5 grams carbohydrate

200 milligrams potassium

3 grams fiber

Source: USDA NDB Number: 09039

Recipes

Most of us are familiar with using avocados in our guacamole recipes, but there’s a whole other world out there in which the avocado shines!

 

Here are just a few ideas to try with Florida avocados:

  • salads,

  • sushi,

  • on toast sprinkled with salt and pepper,

  • mixed with rice as a side dish,

  • sliced in half and filled with tuna, shrimp or chicken.

  • combined with eggs in scrambled eggs, tortillas or omelet’s.

 

Avocados also are delicious in sweet recipes such as

  • milkshakes,

  • added into ice creams,

  • fruit salads,

  • just sprinkled with sugar or

  • mixed with milk and sugar!

 

Generally, avocado is served raw, because heating can cause the avocados to become inedible.

Below are a few recipes to try with your Florida avocados!

 

Krome Guacamole*

2 cups avocado, diced

3 teaspoons lime juice

½ oz. blue cheese

3 squirts Tabasco sauce, or salsa, to taste

½ tsp salt

Make a paste of blue cheese, seasoning, and a small amount of the avocado. Add the diced avocado to the paste mixture, mashing with a fork. Serve as a dip for chips, as a sandwich filling, or as a salad dressing.

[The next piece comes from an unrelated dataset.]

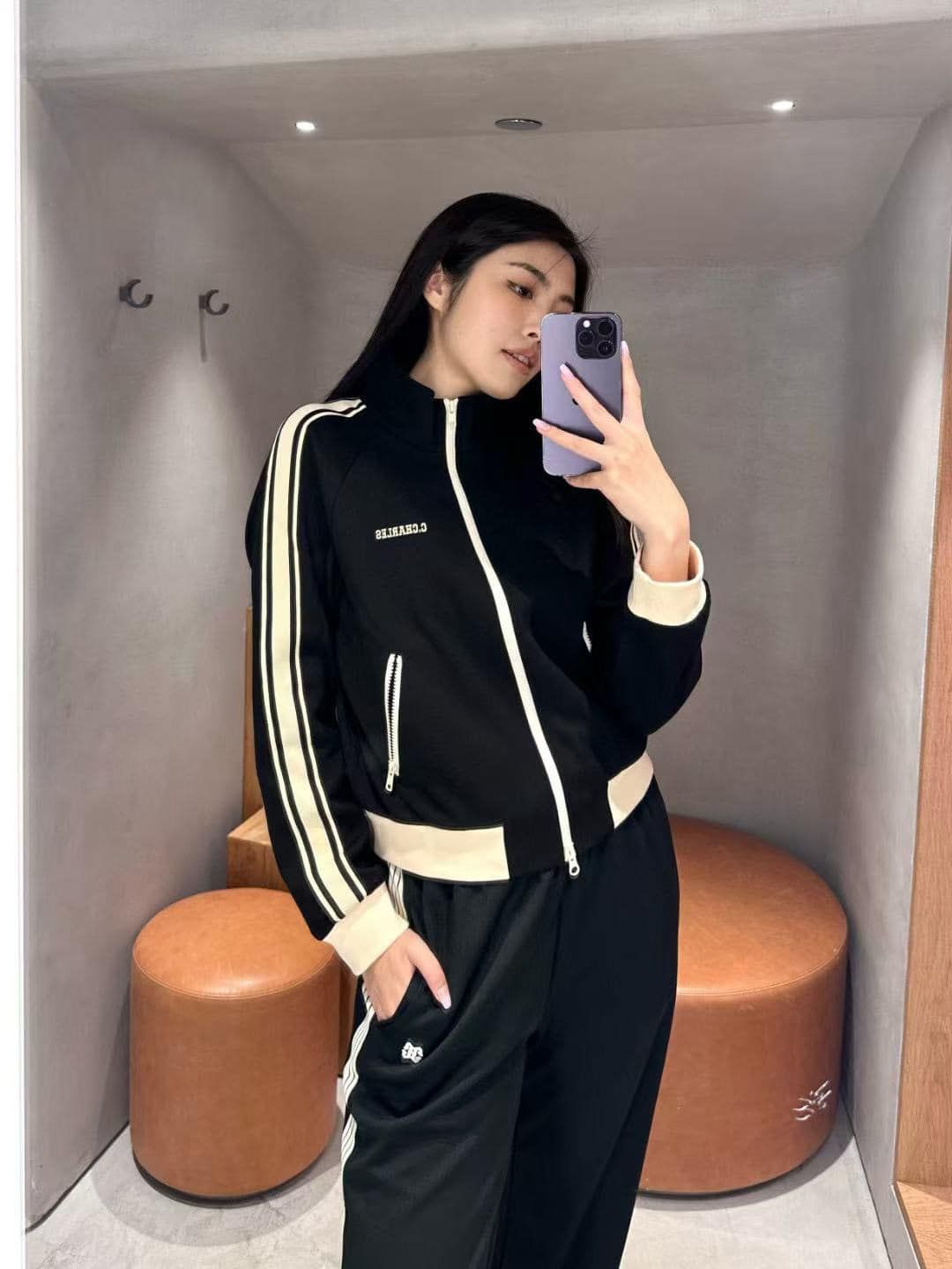  Bộ áo khoác và quần đen sọc trắng set 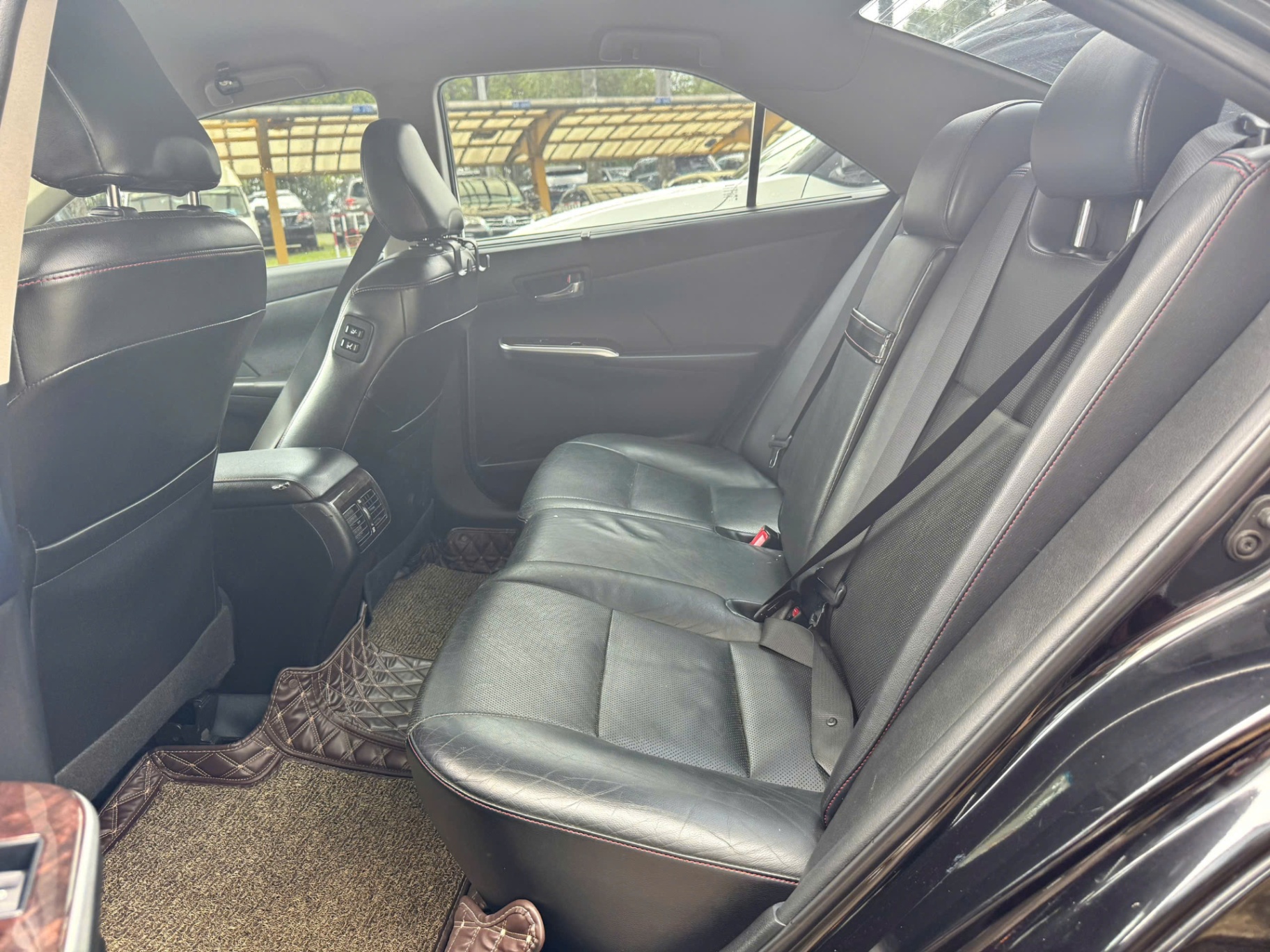 Toyota Camry 2.5Q 2015 - Nội thất 6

*Original recipe from William Krome, Homestead, Florida.

Chilled Avocado Soup

2 large green peppers

2 green onions

2 large ripe avocados

1 tablespoon lime juice

1 teaspoon salt

2½ cups low fat milk

4 tablespoons plain low fat yogurt

dash paprika

Mince peppers and onions and put in blender. Add peeled avocado pulp. Add lime juice and salt and blend. Very slowly add milk and blend. Chill. Serve with a tablespoon of yogurt on top and with a dash of paprika for color. Serves 4.

Avocado Ice Cream

(Makes 1/4 gallon)

  • 3 avocados (2 cups)

  • 1 cup sugar

  • 1 1arge can sweetened condensed milk

  • 2 cups whipping cream

  • 1/4 cup lime juice

Whip avocado pulp, lime juice and sugar in blender or food processor. Pour the avocado mixture into the ice cream maker and add the whipping cream, and the condensed milk. Freeze and churn until ready.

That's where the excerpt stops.